I mean, sure, the referees should’ve caught the problems with that paper. But I blame the editors for even considering publication. Even without noticing the paper’s methodological flaws, it was nothing special.
And, once you decide to start publishing mediocre papers in your top journal, you’re asking for trouble. You’re encouraging more of the same.
To clarify, let me compare this with some other high-profile examples:
- Christakis and Fowler’s study of the contagion of obesity. This was published in top journals and was later found to have some serious methodological issues. But it’s not a mediocre work. They had a unique dataset, a new idea, and some new methods of data analysis. OK, they made some mistakes, but I can’t fault a leading journal for publishing this work. It has a lot of special strengths.
- Bem’s paper claiming to demonstrate ESP. OK, I wouldn’t have published this one. But I can see where the journal was coming from on this. If the results had held up, it would’ve been the scientific story of the decade, and the journal didn’t want to miss out. The editors didn’t show the best judgment here, but their decision was understandable.
- Kanazawa’s papers of schoolyard evolutionary biology. I’ve written about the mistakes here, and this work has a lot of similarities to the ovulation-and-voting study. The difference is that Kanazawa’s papers were published in a middling place—the Journal of Theoretical Biology—not in a top journal of their field. Don’t get me wrong, JTB is respectable, but it’s in the middle of the pack. It’s not expected that they are publishing the best of the best.
- Hamilton’s paper in the American Sociological Review, claiming that college students get worse grades if their parents pay. This paper had a gaping hole (not adjusting for the selection effect arising from less well-funded students dropping out) and I think it was a mistake for it to be published as is—but that’s just something the reviewers didn’t catch. On the plus side, Hamilton’s paper was thoughtful and had some in-depth analysis of large datasets. It had mistakes, but it had strengths too.
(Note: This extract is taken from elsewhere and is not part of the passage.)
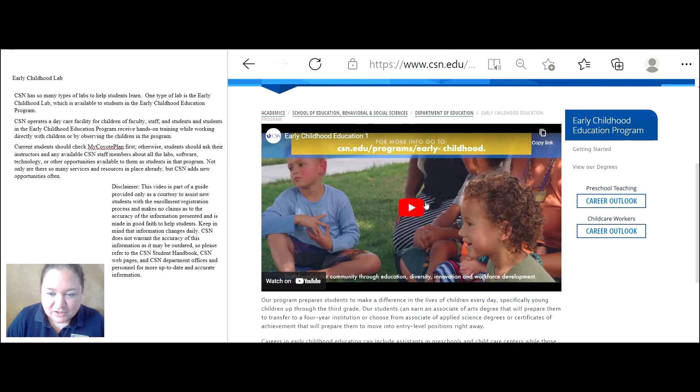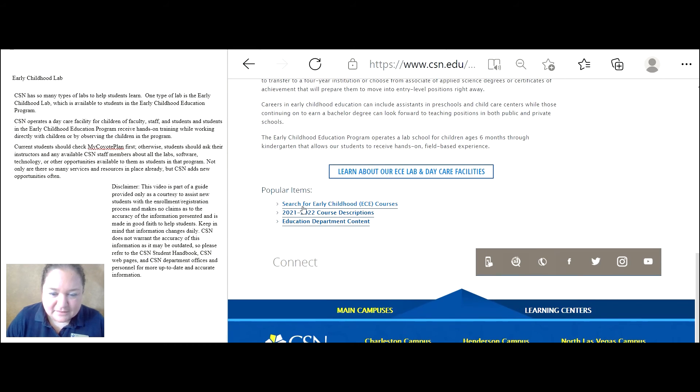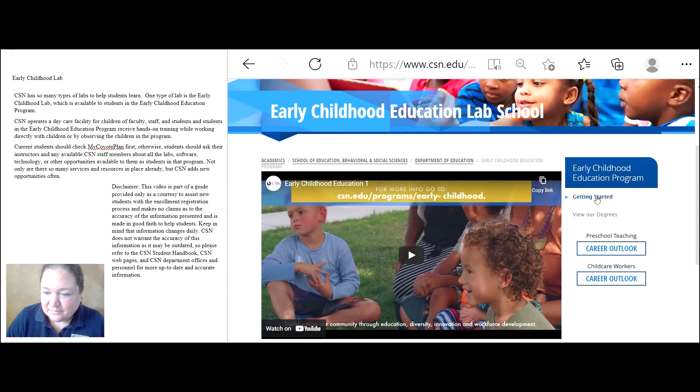You'll get to watch a wonderful video about the lab, read more information, and see the courses, course descriptions, and the content. There's also a getting started section and a view our degrees option.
It was not a turn-the-crank, run-an-online-survey-and-spit-out-p-values job.
My point is that, in all these cases of the publication of flawed work (and one could add the work of Mark Hauser and Bruno Frey as well), the published papers either had clear strengths or else were not published in top journals. When an interesting, exciting, but flawed paper (such as those by Bem, Hauser, etc) is published in a top journal, that’s too bad, but it’s understandable. When a possibly interesting paper (such as those by Kanazawa) is published in an OK journal, that makes sense too. It would not make sense to demand perfection. But when a mediocre paper (which also happens to have serious methodological flaws) is published in a top journal, there’s something seriously wrong going on. There are lots of things that can make a research paper special, and this paper had none of those things (unless anything combining voting and sex in an election year is considered special).
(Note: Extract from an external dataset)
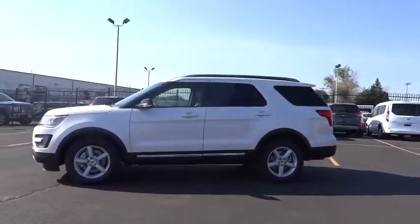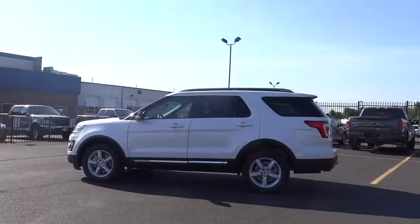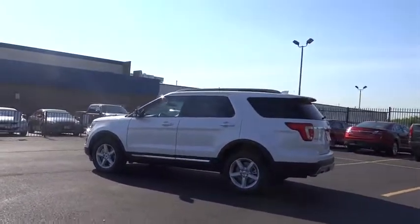Traction control, Bluetooth, air conditioning front, automatic transmission, cruise control, fog lamps, compass, passenger airbag.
P.S. Let me emphasize that my goal here is not to pile on and slam the ovulation and voting paper. In fact, I’ve refrained linking to the paper here, just to give the authors a break. They did a little study that happened to be flawed. That’s no big deal. I’ve done lots of little studies that happened to be flawed, and sometimes my flawed work gets published. I’m not criticizing the authors for making some mistakes. I hope they can do better next time. I’m criticizing the journal for publishing a mediocre paper with little to offer. That’s not just a retrospective mistake; it seems like a problem with their policies that they would think that such an unremarkable paper could even be seriously considered for publication in the top journal of their field.